• WHAT THE EXERCISE ASKS: The response should be a precise copy of every entry.

• INFORMATION GIVEN:
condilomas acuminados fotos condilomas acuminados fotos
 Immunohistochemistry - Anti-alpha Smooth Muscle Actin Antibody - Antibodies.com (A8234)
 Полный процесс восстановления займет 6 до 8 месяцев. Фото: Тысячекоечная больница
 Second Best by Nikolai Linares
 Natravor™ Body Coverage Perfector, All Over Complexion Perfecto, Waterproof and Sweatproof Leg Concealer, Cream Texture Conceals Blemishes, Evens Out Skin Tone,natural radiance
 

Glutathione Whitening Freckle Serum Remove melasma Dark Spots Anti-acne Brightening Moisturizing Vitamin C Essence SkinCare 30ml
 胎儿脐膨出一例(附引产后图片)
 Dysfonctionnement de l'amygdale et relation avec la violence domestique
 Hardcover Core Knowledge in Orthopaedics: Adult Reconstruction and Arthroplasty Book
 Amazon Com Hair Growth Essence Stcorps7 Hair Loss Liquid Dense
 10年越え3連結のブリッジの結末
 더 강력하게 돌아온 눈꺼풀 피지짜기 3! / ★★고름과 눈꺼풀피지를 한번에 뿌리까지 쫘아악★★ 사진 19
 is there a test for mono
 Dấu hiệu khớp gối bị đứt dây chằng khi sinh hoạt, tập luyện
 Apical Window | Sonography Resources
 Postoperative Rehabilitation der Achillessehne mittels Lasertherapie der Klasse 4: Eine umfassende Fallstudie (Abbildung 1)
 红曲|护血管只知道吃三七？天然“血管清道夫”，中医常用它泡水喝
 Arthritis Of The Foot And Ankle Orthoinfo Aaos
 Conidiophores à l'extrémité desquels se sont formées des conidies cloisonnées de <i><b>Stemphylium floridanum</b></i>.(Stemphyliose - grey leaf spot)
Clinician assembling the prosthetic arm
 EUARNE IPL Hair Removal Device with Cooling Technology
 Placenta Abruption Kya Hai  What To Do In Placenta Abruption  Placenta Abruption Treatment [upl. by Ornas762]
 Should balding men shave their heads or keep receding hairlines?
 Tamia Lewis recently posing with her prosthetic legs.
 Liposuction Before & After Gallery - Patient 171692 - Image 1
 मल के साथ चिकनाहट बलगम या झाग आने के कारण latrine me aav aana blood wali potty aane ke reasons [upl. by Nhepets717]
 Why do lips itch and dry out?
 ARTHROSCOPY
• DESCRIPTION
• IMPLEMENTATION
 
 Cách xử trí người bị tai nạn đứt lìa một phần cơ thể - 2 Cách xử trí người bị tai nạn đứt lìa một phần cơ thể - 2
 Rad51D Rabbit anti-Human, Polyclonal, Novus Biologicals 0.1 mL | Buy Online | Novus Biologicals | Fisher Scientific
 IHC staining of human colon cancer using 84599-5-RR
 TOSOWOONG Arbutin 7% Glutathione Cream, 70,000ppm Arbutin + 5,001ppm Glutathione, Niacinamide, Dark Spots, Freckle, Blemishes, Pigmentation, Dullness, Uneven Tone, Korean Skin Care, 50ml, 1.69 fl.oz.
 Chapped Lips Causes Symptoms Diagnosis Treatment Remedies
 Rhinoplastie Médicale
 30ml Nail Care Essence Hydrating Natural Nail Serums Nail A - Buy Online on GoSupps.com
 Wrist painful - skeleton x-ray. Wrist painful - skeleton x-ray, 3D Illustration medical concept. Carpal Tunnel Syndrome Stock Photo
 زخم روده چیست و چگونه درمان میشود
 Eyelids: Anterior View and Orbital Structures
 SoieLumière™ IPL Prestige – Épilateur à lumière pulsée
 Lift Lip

• EXERCISE ANSWER:
condilomas acuminados fotos condilomas acuminados fotos
 Immunohistochemistry - Anti-alpha Smooth Muscle Actin Antibody - Antibodies.com (A8234)
 Полный процесс восстановления займет 6 до 8 месяцев. Фото: Тысячекоечная больница
 Second Best by Nikolai Linares
 Natravor™ Body Coverage Perfector, All Over Complexion Perfecto, Waterproof and Sweatproof Leg Concealer, Cream Texture Conceals Blemishes, Evens Out Skin Tone,natural radiance
 

Glutathione Whitening Freckle Serum Remove melasma Dark Spots Anti-acne Brightening Moisturizing Vitamin C Essence SkinCare 30ml
 胎儿脐膨出一例(附引产后图片)
 Dysfonctionnement de l'amygdale et relation avec la violence domestique
 Hardcover Core Knowledge in Orthopaedics: Adult Reconstruction and Arthroplasty Book
 Amazon Com Hair Growth Essence Stcorps7 Hair Loss Liquid Dense
 10年越え3連結のブリッジの結末
 더 강력하게 돌아온 눈꺼풀 피지짜기 3! / ★★고름과 눈꺼풀피지를 한번에 뿌리까지 쫘아악★★ 사진 19
 is there a test for mono
 Dấu hiệu khớp gối bị đứt dây chằng khi sinh hoạt, tập luyện
 Apical Window | Sonography Resources
 Postoperative Rehabilitation der Achillessehne mittels Lasertherapie der Klasse 4: Eine umfassende Fallstudie (Abbildung 1)
 红曲|护血管只知道吃三七？天然“血管清道夫”，中医常用它泡水喝
 Arthritis Of The Foot And Ankle Orthoinfo Aaos
 Conidiophores à l'extrémité desquels se sont formées des conidies cloisonnées de <i><b>Stemphylium floridanum</b></i>.(Stemphyliose - grey leaf spot)
Clinician assembling the prosthetic arm
 EUARNE IPL Hair Removal Device with Cooling Technology
 Placenta Abruption Kya Hai  What To Do In Placenta Abruption  Placenta Abruption Treatment [upl. by Ornas762]
 Should balding men shave their heads or keep receding hairlines?
 Tamia Lewis recently posing with her prosthetic legs.
 Liposuction Before & After Gallery - Patient 171692 - Image 1
 मल के साथ चिकनाहट बलगम या झाग आने के कारण latrine me aav aana blood wali potty aane ke reasons [upl. by Nhepets717]
 Why do lips itch and dry out?
 ARTHROSCOPY
• DESCRIPTION
• IMPLEMENTATION
 
 Cách xử trí người bị tai nạn đứt lìa một phần cơ thể - 2 Cách xử trí người bị tai nạn đứt lìa một phần cơ thể - 2
 Rad51D Rabbit anti-Human, Polyclonal, Novus Biologicals 0.1 mL | Buy Online | Novus Biologicals | Fisher Scientific
 IHC staining of human colon cancer using 84599-5-RR
 TOSOWOONG Arbutin 7% Glutathione Cream, 70,000ppm Arbutin + 5,001ppm Glutathione, Niacinamide, Dark Spots, Freckle, Blemishes, Pigmentation, Dullness, Uneven Tone, Korean Skin Care, 50ml, 1.69 fl.oz.
 Chapped Lips Causes Symptoms Diagnosis Treatment Remedies
 Rhinoplastie Médicale
 30ml Nail Care Essence Hydrating Natural Nail Serums Nail A - Buy Online on GoSupps.com
 Wrist painful - skeleton x-ray. Wrist painful - skeleton x-ray, 3D Illustration medical concept. Carpal Tunnel Syndrome Stock Photo
 زخم روده چیست و چگونه درمان میشود
 Eyelids: Anterior View and Orbital Structures
 SoieLumière™ IPL Prestige – Épilateur à lumière pulsée
 Lift Lip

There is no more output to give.